Apple is being pushed by a group of developers to end its requirement that developers use only the Cupertino firm’s WebKit browser engine in third-party browser apps on iOS and iPadOS. Developers say Apple’s restrictions amount to anti-competitive conduct.
WebKit is Apple’s browser engine that powers Safari and other areas of the operating system where web content is displayed. Many browser developers are not happy with being required to use WebKit.
The latest pushback comes in the form of “Open Web Advocacy” or OWA, a project launched by UK-based developers who want third-party access to all the features that Safari enjoys but which are not available in WebKit.

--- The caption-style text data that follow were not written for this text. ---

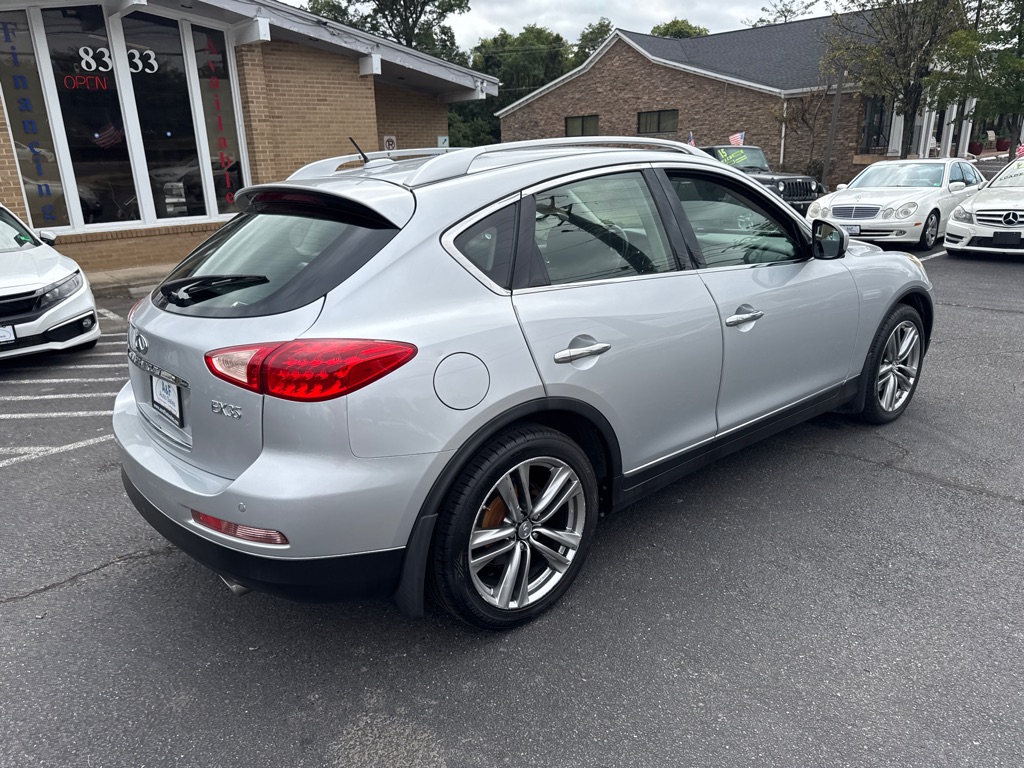 Photo 7 of this INFINITI EX35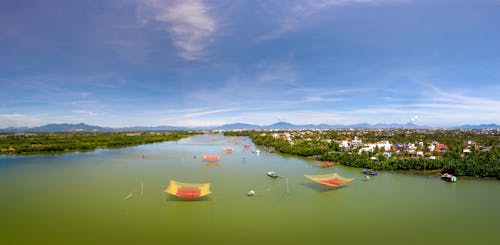 Foto d'estoc gratuïta de cel blau, cos d'aigua, foto des d'un dron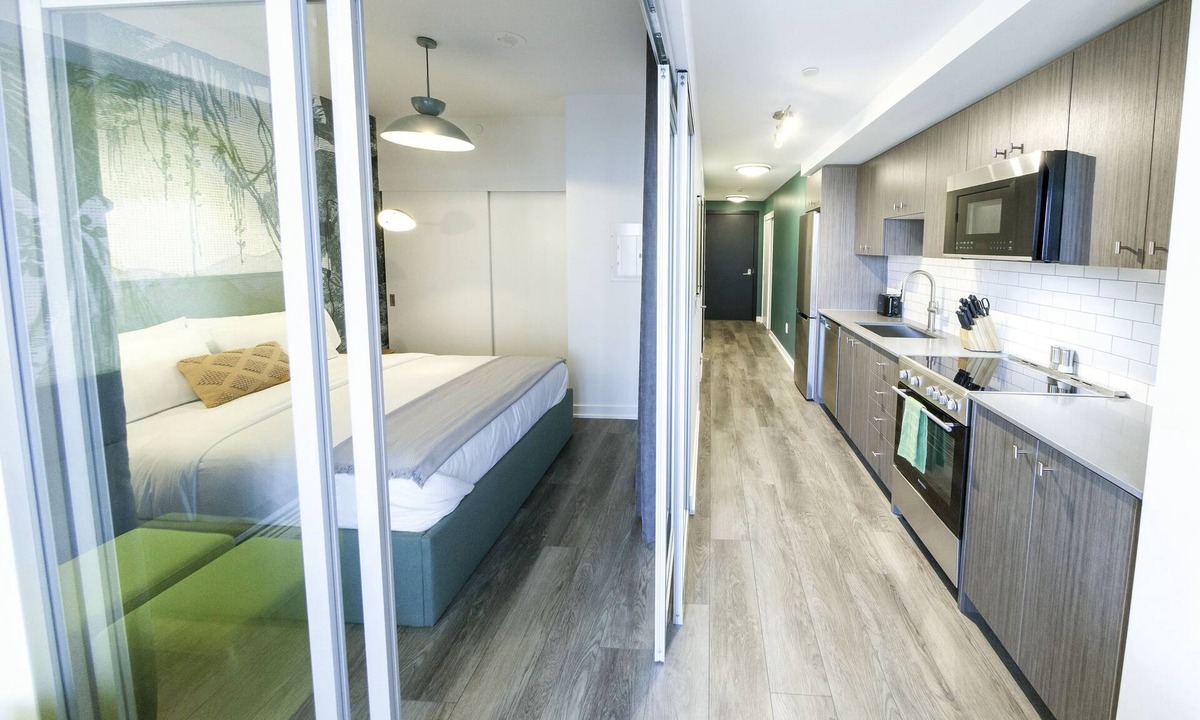 Kitchener Hotel | The Laundry Rooms Station Park Kitchener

“The motive of the group is to try to persuade Apple that they need to allow other browser engines on iOS, so the iOS can be a better platform for developing stuff for the modern web,” developer Bruce Lawson told The Register. “Because at the moment, every browser on iOS, whether it be badged Chrome, Firefox or Edge is actually just a branded skin of Safari, which lags behind [other browsers] because it has no competition on iOS.”
Developers are also frustrated that iOS forces Safari to be used in all instances of in-app browsing. More than 30 missing functions or APIs for WebKit are outlined in the OWA’s “Bringing Competition to Walled Gardens” paper.
Apple argues that WebKit limitations are motivated primarily by security and privacy considerations, but Lawson says how Apple handles Safari bugs makes a mockery of that claim.
“Over Christmas, there was a huge bug in something called IndexedDB,” said Lawson. “That allowed any arbitrary website to see other websites you visited. Not all of them but those that use certain browser features. And that remained unpatched by Apple for 57 days. So for 57 days, every iOS user who used any web browser on iOS – because it was using WebKit – was leaking data left, right and center. If Apple actually did fix security errors fast, that would be a plausible defense, but they don’t.”